_SUPPLIED MATERIAL_:
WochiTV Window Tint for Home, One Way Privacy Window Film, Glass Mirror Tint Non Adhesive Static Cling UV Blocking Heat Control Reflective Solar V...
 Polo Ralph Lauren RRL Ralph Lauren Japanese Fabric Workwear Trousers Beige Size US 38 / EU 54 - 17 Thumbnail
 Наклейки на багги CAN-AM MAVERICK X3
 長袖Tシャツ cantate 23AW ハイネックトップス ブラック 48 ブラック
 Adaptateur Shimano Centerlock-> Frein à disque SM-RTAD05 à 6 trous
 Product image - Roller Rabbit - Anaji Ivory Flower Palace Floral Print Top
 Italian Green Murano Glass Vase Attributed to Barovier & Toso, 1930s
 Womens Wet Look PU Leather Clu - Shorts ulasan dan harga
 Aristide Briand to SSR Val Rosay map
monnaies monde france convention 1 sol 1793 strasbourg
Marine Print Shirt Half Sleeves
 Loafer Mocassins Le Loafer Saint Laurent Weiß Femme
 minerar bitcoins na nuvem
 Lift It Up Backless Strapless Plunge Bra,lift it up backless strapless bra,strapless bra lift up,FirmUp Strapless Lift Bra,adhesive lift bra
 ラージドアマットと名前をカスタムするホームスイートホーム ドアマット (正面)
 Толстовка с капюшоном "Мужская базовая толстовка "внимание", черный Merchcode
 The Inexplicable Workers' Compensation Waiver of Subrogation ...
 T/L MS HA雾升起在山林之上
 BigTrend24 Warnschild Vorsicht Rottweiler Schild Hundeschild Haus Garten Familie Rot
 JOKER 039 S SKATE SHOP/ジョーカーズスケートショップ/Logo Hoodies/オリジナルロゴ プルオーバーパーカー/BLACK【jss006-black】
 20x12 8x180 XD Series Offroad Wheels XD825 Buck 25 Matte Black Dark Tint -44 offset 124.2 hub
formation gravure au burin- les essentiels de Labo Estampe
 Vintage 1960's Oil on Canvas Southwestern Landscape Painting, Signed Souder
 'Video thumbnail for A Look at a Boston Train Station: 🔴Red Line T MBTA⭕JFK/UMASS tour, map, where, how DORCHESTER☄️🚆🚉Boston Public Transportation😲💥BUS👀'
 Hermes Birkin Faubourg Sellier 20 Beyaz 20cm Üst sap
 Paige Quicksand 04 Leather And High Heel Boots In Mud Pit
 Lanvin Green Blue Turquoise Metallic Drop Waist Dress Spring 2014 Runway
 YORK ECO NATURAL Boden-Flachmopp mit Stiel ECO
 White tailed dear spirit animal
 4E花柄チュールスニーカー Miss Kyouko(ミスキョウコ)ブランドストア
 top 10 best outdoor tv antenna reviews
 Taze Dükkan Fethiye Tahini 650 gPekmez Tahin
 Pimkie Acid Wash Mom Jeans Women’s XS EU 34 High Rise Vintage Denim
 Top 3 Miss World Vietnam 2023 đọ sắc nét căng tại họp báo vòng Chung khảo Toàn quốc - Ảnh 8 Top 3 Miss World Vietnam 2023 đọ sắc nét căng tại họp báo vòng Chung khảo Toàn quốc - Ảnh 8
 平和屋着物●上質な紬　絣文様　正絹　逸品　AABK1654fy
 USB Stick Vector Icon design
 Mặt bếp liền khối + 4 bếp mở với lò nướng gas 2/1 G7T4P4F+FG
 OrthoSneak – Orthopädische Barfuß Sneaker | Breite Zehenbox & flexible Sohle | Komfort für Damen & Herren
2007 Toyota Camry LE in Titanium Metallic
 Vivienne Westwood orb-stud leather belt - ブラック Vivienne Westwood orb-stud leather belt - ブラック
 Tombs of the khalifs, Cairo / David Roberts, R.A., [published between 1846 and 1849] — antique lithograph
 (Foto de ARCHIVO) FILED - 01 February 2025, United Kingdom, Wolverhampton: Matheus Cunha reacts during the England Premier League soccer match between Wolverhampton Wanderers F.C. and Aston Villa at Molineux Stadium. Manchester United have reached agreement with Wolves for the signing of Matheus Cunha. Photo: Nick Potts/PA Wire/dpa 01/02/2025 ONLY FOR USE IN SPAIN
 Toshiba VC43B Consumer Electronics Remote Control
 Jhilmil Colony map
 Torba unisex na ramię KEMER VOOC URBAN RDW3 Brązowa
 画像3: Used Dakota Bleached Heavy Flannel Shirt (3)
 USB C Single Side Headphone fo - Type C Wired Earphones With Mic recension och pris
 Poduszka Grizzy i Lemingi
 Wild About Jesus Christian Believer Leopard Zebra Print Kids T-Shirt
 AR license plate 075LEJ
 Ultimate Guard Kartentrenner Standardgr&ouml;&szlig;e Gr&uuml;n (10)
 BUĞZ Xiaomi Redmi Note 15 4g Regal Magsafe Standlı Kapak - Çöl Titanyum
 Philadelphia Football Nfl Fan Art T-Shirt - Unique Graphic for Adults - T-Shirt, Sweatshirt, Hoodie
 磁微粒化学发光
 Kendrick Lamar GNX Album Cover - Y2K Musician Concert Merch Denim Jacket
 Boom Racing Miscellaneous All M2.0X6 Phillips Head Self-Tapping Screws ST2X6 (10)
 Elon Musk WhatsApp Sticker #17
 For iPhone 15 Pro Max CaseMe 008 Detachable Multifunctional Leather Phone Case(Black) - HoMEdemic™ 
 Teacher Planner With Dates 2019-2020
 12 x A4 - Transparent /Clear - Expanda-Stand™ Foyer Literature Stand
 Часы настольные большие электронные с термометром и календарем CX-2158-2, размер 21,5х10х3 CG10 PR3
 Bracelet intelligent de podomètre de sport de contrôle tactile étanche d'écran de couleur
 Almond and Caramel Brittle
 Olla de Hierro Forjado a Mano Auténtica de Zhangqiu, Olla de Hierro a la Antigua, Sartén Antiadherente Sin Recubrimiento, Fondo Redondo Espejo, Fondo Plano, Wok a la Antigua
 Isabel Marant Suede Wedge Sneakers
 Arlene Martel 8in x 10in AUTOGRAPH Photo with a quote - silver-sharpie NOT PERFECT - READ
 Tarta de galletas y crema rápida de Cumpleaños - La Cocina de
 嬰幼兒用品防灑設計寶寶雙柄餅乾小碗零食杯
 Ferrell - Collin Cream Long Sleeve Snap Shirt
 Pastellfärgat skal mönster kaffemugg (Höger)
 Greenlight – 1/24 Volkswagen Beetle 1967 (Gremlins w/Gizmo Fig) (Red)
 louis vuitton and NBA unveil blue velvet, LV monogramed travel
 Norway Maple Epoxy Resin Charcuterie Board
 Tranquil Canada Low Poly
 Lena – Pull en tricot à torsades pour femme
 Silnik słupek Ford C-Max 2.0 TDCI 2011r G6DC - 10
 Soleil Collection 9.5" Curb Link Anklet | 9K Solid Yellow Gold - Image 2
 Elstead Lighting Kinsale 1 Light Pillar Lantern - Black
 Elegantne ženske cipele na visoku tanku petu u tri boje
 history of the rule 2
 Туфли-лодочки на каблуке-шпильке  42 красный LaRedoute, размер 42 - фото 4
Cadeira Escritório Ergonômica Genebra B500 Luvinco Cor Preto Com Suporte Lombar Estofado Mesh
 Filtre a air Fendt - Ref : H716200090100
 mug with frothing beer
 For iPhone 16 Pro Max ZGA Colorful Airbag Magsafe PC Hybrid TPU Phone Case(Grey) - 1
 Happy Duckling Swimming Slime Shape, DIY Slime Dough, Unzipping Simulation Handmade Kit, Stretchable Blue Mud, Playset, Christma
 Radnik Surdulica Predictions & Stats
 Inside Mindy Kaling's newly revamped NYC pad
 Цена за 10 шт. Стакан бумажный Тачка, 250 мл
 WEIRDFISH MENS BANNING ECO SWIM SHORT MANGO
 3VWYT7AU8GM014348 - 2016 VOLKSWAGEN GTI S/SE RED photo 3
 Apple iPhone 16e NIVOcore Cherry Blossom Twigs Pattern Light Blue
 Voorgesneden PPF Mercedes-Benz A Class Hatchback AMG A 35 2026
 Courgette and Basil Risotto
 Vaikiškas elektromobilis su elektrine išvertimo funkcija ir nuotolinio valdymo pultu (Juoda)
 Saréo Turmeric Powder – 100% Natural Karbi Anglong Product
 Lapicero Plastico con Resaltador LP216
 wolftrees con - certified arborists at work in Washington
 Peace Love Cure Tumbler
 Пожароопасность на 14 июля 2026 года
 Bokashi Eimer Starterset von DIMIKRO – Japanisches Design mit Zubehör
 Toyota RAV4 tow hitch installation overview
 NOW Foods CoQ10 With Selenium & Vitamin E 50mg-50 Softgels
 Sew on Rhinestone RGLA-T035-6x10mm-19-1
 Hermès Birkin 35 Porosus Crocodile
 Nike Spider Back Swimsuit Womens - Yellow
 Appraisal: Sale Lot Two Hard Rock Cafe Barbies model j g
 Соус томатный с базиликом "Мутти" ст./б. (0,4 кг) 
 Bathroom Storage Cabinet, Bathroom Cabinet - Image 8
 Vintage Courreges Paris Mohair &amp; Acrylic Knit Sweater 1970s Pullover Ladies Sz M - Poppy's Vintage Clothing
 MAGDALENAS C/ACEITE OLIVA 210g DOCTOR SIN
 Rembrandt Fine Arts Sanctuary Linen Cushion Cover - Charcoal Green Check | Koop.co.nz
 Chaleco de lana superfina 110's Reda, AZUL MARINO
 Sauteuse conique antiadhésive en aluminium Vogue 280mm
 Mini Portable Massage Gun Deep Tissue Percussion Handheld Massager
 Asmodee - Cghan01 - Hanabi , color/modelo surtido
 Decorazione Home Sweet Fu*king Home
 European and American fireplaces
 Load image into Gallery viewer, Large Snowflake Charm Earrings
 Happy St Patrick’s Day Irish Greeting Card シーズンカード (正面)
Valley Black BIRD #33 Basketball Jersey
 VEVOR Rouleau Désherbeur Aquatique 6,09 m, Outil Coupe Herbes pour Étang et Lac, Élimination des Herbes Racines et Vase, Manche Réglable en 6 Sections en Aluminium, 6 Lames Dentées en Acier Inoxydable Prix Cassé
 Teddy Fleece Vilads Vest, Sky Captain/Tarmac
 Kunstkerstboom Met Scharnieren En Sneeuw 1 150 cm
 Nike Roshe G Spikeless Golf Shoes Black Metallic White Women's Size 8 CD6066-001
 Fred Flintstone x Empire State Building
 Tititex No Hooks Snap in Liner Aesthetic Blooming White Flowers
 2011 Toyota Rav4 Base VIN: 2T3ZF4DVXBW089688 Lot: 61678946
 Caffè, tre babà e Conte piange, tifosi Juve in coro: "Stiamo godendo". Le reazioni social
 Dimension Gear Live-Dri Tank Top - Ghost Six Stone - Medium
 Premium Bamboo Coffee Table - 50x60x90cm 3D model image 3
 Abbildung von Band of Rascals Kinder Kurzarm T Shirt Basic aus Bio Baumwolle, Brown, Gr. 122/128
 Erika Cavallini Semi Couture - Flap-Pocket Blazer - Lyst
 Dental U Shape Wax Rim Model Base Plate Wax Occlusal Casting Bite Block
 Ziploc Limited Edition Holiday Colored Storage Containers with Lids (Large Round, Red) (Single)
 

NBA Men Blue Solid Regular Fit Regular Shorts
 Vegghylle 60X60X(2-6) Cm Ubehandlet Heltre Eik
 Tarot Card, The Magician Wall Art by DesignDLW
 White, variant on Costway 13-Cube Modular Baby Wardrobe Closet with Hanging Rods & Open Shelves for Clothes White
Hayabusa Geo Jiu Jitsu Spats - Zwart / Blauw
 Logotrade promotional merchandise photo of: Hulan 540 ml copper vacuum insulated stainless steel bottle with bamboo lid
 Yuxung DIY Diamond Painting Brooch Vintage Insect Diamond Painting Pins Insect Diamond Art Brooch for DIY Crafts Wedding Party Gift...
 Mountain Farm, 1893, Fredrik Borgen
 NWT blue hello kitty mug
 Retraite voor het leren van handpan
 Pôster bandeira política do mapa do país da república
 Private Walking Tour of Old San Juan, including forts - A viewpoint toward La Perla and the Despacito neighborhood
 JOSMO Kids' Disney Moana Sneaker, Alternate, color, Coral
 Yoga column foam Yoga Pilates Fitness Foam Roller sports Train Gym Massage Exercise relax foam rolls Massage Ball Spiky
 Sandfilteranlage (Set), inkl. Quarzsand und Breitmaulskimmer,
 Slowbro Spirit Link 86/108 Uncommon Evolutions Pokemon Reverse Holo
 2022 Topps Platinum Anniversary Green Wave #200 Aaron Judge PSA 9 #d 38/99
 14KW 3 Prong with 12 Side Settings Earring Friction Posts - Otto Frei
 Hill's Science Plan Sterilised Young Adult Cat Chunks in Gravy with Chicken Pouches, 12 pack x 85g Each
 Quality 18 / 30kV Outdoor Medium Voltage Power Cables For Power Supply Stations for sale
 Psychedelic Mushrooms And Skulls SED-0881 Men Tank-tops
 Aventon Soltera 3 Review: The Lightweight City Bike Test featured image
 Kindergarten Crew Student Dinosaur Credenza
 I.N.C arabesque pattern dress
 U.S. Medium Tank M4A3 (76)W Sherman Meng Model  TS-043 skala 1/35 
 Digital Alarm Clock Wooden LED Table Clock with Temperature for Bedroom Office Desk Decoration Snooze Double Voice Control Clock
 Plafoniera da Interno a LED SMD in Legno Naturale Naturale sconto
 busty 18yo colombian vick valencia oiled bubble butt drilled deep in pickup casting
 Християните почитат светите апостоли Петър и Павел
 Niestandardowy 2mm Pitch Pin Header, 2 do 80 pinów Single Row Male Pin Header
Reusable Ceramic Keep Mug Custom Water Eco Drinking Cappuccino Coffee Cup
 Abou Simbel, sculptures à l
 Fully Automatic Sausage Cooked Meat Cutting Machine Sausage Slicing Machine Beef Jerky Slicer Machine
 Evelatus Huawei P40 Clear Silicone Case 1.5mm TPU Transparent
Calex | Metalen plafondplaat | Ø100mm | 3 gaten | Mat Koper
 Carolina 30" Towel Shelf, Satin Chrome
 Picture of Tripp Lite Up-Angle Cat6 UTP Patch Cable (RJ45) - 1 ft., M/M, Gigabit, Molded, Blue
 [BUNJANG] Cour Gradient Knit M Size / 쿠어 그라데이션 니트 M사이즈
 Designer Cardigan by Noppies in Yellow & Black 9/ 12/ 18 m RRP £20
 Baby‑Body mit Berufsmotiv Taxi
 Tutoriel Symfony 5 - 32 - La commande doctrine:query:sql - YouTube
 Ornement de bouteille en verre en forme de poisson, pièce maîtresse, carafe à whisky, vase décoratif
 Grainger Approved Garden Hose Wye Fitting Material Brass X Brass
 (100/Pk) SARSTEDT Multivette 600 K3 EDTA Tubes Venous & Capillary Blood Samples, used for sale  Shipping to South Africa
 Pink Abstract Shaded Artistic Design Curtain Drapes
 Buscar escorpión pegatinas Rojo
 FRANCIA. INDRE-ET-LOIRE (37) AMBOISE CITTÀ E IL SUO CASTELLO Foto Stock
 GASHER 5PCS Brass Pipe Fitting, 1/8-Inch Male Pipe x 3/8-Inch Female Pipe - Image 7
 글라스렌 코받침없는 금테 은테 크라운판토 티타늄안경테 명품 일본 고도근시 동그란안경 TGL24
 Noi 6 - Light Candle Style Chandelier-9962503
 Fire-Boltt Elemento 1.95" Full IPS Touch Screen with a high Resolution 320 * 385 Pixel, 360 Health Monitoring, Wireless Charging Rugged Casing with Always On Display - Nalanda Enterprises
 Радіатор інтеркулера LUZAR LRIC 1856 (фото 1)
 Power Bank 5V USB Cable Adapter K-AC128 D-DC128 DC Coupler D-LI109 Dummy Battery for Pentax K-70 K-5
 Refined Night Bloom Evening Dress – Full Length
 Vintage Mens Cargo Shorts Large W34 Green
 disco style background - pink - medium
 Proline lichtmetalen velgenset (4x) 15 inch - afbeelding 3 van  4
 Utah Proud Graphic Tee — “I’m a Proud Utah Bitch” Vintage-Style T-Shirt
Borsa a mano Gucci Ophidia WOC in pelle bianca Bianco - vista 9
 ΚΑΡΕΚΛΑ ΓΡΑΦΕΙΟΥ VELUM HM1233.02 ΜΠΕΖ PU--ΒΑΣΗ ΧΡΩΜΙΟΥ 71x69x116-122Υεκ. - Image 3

_ASSIGNED TASK_: Wherever a line of the data above contains "Knit", copy that line.

_ANSWER BOX_:
 Vintage Courreges Paris Mohair &amp; Acrylic Knit Sweater 1970s Pullover Ladies Sz M - Poppy's Vintage Clothing
 [BUNJANG] Cour Gradient Knit M Size / 쿠어 그라데이션 니트 M사이즈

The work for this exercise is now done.